There are still Navajo tribal members who practice traditional ways of hunting, gathering and food preparation, she says, and they have the ancestral knowledge that the food sovereignty project is working to capture. “It is our duty for the Navajo people to provide this food policy,” she says, “it will help our children in the future. The long-term goal is the retention of tradition and culture, to utilize that knowledge to make people healthier. We are poisoning ourselves by accepting the current food policy of a society that was once determined to destroy the Native American. Apathy is killing us with what we are eating now.”
The Robert Wood Johnson Foundation (RWJF) recently funded the Mvskoke program as part of a national effort to address childhood obesity. The numbers for overweight and obese children ages 6 to 11 in the U.S. have more than quadrupled in the past 40 years, while nearly 40 percent of American Indian and Alaska Native children are considered overweight and obese, according to RWJF. These dire health conditions result in serious lifelong illnesses including type 2 diabetes and high blood pressure. “Communities of color are hardest hit by the epidemic of obesity,” says John Govea, senior program officer for the RWJF Childhood Obesity Team. “We think it is imperative for the health of the country to address this imbalance.”
RWJF has dedicated $500 million to reverse the epidemic of childhood obesity in the U.S. by 2015 and funds projects that advance policies to increase access to healthy affordable food and safe places to be physically active. Communities Creating Healthy Environments supports projects that include healthy food initiatives for American Indians, such as the Mvskoke initiative, efforts to eradicate “food deserts” in urban communities, and infrastructure planning for neighborhoods without sidewalks or streetlights that make even walking a challenge.
For the Pawnee Nation, food sovereignty is found in every one of their ancestral seeds that contain their heritage or “seed memory,” as Deb Echo-Hawk, Pawnee Nation, describes it. Echo-Hawk, Keeper of the Seeds for the Pawnee Seed Preservation Project, banks and safeguards nine strains of ancestral corn. Eagle corn, each pearl-white kernel brushed with a delicate gray mark in the shape of an eagle, had all but disappeared from tribal life. That is, until a dusty jar full of seeds dating back to the 19th century was found in a Kansas museum. Originally excavated from a mud lodge in northern Kansas, the Eagle corn seed was returned to the Pawnee Nation in the 1980s and, last summer, for the first time in more than 125 years, eagle corn soup was served when the traditional Young Dog Dance was performed.
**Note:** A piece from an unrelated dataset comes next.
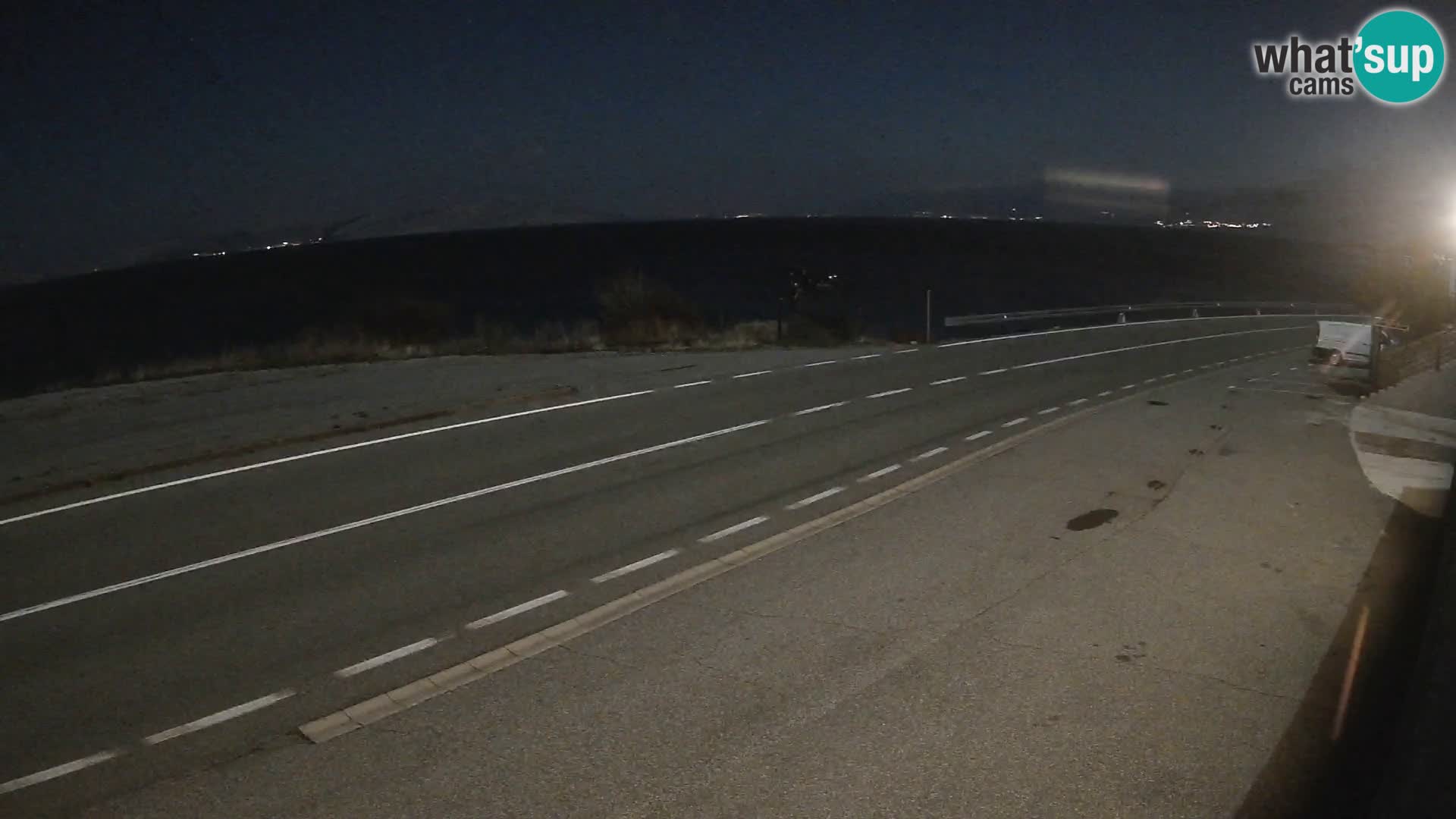 Webcam Adria-Autobahn D8 bei SENJ – Blick auf die Insel KRK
“It tastes beautiful. It’s nutty, not real sweet,” says Echo-Hawk, adding that this past year was the first time the nation had used the corn “as it was meant to be used.”
In the spring, elders who attended the Pawnee Nation blessing of the seeds ceremony talked about working with their parents to garden and farm, says Echo-Hawk. Yet somewhere along the line, that sense of community and connection to the land was lost and with it, the tradition of self-reliance and community tied to food disappeared. “Healthwise, we must revitalize ourselves and become what we used to be, what we should be,” she says. “Tribes have nothing to lose by gardening.”